Chiefs Paint the Town All-Red
By Eric Paolini
Look good, feel good, play even better. Apparently the Chiefs took this to heart on Sunday. According to Joel Thorman at arrowheadpride.com, the red on red the Chiefs wore was a big hit in the locker room. Thorman quoted safety Eric Berry saying the red on red “added a little more energy”. Now, I don't know if Berry truly thinks wearing the red pants, traditionally worn outside of Kansas City, with the red jersey, traditionally worn in Kansas City, actually had an impact on the field. I will say this; the Chiefs are unbeatable when going all-red. They are 1-0.
However, I think the more likely reason for that perfect record is the two Dallas Cowboys fumbles the Chiefs recovered. There’s a reason “winning the turnover battle” is a cliché. If you turn the ball over, you are more likely to lose. Dallas’ two fumbles occurred in the second half. Mistakes later in the game are tough since there is less time to make up for them. Recovering those fumbles certainly improved the Chiefs’ chances to win.
The Cowboys’ second fumble (a strip-sack of Tony Romo) occurred early in the fourth quarter. Down only four points, the Cowboys weren’t in the worst position, but that’s looking at it after the fact. The Chiefs took the ball over at the Cowboys’ 35-yard line and didn't come away with points. According to advancednflstats.com, the Chiefs were expected to walk away with 2.96 points. (Just for reference, when a team starts at its own 20, a common occurrence, the expected points fall to .34.)

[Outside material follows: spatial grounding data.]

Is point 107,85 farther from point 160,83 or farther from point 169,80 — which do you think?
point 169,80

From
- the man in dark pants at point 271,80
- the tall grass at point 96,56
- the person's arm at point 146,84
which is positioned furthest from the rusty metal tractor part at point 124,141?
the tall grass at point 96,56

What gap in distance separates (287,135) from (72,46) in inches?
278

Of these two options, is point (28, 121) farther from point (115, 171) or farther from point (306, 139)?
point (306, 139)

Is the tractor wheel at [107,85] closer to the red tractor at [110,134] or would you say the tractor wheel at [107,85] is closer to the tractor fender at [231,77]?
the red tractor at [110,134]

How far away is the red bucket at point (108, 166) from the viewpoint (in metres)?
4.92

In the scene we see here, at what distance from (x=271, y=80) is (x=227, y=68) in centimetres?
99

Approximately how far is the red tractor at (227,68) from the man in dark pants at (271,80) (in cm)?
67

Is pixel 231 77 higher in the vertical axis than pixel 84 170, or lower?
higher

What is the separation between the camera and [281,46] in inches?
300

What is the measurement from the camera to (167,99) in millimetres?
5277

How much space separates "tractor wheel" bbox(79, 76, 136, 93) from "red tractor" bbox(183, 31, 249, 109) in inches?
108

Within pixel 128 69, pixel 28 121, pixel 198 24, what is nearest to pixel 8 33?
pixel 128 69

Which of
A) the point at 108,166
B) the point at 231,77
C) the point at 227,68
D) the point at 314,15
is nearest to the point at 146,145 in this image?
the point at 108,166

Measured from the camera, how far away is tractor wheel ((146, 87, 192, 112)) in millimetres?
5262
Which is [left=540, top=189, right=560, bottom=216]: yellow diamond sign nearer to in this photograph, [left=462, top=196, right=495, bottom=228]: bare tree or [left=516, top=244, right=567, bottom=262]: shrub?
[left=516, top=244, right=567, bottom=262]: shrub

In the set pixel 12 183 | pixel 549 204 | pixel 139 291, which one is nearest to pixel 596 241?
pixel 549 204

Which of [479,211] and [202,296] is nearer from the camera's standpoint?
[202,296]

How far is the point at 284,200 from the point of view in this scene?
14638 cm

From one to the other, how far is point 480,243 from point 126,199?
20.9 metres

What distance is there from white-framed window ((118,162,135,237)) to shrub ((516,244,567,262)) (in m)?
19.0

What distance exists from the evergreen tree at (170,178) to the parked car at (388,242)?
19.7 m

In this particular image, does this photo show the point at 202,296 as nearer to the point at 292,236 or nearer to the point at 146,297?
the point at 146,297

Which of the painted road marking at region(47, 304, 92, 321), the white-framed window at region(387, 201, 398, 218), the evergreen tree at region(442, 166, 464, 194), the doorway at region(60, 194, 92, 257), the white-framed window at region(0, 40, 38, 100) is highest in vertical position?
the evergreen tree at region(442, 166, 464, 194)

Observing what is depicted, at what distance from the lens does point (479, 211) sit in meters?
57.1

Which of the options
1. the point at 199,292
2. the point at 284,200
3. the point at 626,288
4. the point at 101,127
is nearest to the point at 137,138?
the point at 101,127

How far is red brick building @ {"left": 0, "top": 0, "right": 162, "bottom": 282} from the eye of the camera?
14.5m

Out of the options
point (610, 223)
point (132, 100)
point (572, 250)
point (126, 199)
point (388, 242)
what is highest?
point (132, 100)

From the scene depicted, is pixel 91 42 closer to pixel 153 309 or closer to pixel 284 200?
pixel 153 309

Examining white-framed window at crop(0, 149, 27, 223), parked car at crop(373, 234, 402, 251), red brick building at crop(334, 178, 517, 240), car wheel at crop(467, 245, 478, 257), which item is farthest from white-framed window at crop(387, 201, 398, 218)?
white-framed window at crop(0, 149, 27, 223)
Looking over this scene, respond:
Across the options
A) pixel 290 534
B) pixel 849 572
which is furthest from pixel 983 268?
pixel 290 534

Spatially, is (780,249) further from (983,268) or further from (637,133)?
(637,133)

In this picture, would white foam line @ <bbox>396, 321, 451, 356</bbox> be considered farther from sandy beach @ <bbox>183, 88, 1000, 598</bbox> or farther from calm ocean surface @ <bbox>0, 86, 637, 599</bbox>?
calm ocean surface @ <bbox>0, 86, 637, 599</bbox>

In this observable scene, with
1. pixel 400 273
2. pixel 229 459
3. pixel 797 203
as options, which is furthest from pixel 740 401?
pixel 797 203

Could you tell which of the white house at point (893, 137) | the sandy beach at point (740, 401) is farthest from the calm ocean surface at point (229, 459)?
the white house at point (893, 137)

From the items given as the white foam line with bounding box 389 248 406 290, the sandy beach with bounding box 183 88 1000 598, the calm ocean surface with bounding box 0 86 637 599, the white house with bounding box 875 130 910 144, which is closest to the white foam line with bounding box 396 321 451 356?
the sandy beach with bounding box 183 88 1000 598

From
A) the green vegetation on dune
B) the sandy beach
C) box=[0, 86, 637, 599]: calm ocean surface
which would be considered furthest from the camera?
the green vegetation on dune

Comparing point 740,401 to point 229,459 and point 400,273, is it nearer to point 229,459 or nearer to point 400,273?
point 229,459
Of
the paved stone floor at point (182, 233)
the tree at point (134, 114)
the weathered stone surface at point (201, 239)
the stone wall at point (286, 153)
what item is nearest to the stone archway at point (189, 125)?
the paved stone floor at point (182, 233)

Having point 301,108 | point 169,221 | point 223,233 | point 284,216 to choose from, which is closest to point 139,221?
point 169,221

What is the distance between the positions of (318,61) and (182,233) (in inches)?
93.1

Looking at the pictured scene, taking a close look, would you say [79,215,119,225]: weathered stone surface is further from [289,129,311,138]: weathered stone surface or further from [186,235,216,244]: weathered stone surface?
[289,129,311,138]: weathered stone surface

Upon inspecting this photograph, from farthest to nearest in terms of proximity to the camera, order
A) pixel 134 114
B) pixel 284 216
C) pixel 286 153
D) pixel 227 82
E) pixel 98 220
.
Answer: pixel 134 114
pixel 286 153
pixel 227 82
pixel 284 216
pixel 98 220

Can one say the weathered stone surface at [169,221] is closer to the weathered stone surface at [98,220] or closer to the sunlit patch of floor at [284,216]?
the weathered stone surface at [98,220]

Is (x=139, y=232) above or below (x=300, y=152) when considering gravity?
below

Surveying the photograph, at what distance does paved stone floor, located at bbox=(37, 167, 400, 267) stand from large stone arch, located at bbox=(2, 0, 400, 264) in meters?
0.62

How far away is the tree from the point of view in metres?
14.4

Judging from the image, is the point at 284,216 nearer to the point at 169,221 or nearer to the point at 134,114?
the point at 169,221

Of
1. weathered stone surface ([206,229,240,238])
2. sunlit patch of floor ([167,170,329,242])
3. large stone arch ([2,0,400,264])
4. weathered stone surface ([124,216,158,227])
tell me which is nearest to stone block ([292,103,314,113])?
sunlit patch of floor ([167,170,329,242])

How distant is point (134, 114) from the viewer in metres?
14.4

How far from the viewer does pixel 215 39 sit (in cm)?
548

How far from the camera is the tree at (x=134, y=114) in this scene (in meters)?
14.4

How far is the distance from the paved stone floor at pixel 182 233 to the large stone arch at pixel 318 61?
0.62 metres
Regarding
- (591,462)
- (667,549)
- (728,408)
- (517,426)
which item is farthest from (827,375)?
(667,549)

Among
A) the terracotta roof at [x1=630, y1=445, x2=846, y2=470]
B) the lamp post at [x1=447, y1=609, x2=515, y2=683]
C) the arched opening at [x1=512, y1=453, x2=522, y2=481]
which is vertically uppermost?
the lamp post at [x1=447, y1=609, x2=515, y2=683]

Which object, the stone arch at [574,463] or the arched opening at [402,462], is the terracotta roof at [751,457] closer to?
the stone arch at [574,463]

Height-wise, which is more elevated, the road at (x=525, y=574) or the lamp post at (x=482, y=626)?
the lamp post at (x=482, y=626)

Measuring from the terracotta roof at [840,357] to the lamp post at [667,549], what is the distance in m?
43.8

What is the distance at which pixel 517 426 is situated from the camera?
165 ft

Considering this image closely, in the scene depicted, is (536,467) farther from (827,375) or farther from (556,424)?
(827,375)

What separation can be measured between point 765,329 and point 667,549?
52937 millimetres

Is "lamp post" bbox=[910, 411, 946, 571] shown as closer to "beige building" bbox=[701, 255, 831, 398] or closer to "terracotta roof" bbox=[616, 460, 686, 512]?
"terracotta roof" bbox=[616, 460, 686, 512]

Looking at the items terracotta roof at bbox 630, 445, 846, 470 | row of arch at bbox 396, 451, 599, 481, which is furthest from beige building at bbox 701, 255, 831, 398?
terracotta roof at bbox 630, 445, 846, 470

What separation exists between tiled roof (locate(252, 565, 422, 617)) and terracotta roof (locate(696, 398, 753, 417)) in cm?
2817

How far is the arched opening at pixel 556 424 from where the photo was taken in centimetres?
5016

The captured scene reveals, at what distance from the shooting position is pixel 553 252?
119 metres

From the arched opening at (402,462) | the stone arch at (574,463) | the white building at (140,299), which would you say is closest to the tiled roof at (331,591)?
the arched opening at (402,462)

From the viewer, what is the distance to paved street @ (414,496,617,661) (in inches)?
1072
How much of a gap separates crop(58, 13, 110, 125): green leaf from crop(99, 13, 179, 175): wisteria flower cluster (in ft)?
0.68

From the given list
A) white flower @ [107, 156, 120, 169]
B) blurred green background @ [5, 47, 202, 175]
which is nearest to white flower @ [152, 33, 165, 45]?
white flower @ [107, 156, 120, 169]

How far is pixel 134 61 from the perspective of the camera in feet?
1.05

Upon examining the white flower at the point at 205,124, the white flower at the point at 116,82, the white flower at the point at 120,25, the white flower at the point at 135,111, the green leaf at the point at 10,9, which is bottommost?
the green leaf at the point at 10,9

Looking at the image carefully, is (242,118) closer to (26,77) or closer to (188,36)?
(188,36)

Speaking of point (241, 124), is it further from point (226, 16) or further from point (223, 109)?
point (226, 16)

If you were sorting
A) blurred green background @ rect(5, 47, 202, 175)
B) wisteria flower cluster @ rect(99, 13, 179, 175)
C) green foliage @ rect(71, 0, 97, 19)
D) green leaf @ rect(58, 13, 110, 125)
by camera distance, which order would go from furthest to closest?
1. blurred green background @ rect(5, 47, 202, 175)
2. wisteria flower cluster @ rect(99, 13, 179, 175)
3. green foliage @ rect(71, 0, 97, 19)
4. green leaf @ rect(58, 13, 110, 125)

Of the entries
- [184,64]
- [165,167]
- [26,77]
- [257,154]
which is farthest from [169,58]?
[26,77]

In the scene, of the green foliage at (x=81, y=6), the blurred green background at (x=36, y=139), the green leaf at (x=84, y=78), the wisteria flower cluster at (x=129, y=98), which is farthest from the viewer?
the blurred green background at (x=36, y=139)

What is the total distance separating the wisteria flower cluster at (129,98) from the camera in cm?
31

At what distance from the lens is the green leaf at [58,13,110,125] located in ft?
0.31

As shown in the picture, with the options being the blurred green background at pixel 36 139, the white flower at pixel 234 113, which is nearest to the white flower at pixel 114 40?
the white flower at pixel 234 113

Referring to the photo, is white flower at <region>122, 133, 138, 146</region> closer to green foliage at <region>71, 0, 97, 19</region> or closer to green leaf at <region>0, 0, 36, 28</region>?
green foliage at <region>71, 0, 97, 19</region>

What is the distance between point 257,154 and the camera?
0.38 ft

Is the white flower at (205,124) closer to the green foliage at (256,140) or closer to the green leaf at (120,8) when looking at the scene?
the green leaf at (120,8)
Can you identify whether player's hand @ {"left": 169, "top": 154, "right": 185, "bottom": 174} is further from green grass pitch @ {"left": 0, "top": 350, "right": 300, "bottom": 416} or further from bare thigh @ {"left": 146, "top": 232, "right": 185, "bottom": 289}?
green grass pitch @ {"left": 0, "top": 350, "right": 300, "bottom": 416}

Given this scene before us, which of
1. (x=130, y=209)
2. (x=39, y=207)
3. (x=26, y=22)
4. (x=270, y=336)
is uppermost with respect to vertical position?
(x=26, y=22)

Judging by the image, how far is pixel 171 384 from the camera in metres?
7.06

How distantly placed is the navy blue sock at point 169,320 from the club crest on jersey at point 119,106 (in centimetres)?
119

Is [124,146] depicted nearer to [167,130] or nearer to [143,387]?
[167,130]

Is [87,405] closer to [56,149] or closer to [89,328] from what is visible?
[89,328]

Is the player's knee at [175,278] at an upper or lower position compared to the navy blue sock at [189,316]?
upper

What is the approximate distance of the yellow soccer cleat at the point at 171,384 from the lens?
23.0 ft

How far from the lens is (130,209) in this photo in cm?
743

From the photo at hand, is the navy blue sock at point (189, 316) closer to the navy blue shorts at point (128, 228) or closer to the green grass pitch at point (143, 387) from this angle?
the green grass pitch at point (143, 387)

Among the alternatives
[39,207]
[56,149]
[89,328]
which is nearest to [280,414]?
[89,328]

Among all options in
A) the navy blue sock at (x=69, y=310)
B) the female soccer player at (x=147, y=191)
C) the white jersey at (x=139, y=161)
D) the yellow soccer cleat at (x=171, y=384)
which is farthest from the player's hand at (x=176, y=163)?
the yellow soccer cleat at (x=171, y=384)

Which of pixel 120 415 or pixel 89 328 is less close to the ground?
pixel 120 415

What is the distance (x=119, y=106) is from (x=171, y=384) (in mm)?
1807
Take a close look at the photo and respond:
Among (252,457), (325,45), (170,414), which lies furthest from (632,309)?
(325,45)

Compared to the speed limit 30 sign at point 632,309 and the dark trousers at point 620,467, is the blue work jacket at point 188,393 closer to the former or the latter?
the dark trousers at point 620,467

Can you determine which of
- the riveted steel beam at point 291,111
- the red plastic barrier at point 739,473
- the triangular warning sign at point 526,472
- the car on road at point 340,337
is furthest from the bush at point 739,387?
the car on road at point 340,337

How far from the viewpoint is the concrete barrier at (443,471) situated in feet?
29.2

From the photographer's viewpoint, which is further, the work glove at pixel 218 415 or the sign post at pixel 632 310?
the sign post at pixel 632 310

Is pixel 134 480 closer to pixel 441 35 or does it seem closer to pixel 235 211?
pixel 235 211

Ultimately, the fumble didn’t kill the Cowboys because the Chiefs didn’t do anything with it. But they would obviously still take the fumble. It took the ball out of the opponent’s hands and improved Kansas City’s chance to win. They just didn’t do anything with it. After the Chiefs recovered the fumble, they promptly picked up a false-start penalty, and it didn't get much better after that. Before the Romo fumble, the Cowboys had a 34% win probability. When they got the ball back less than two minutes later, their win probability dropped to 26%. And that was only because of the Chiefs’ horrible possession. Win probability varies throughout a football game, so an 8% drop isn’t otherworldly. As a reference, after Dallas scored a touchdown on the opening possession of the second half, the Chiefs’ win probability was only 25%. They promptly drove 80 yards and scored a touchdown of their own improving their win probability to 50%.
While this game was close throughout, it turned out to be a tale of two halves. The Chiefs struggled in the first half and were barely hanging on. Dez Bryant had five catches and 100 yards receiving through two quarters and looked like he had broken the Chiefs’ secondary. The Chiefs unwisely had given Jamaal Charles only four carries in the first half. But in the second half, Bryant became (relatively) mortal, Charles had a few more carries, the Cowboys turned the ball over, and the Chiefs won.
Kansas City was right with Dallas the entire time, a team that is usually somewhere between “decent” and “pretty good” year after year. The Chiefs got the win, which ultimately matters. But even so, there was a flash of “bad” Andy Reid -- the Reid who frustrated Philly fans and ignored a talented running back.
It took Charles nine carries on the Chiefs’ final possession to reach a respectable final total of 16. He was involved in the passing game, catching eight passes to lead Kansas City. And yet, the decision seems wrong despite the success overall. Alex Smith should never be a team’s leading rusher. In fact, he led all rushers with 57 yards on eight carries.
Ultimately, the Chiefs won, which is the most important part of the game. Their run defense looked spectacular once again, led by Dontari Poe, who looks poised for a breakout season. The defensive tackle has 3.5 sacks already!
The Chiefs have already matched last year's win total at two and have a share of the division lead. Even if they didn't play the best, they're still looking good. Red pants or not.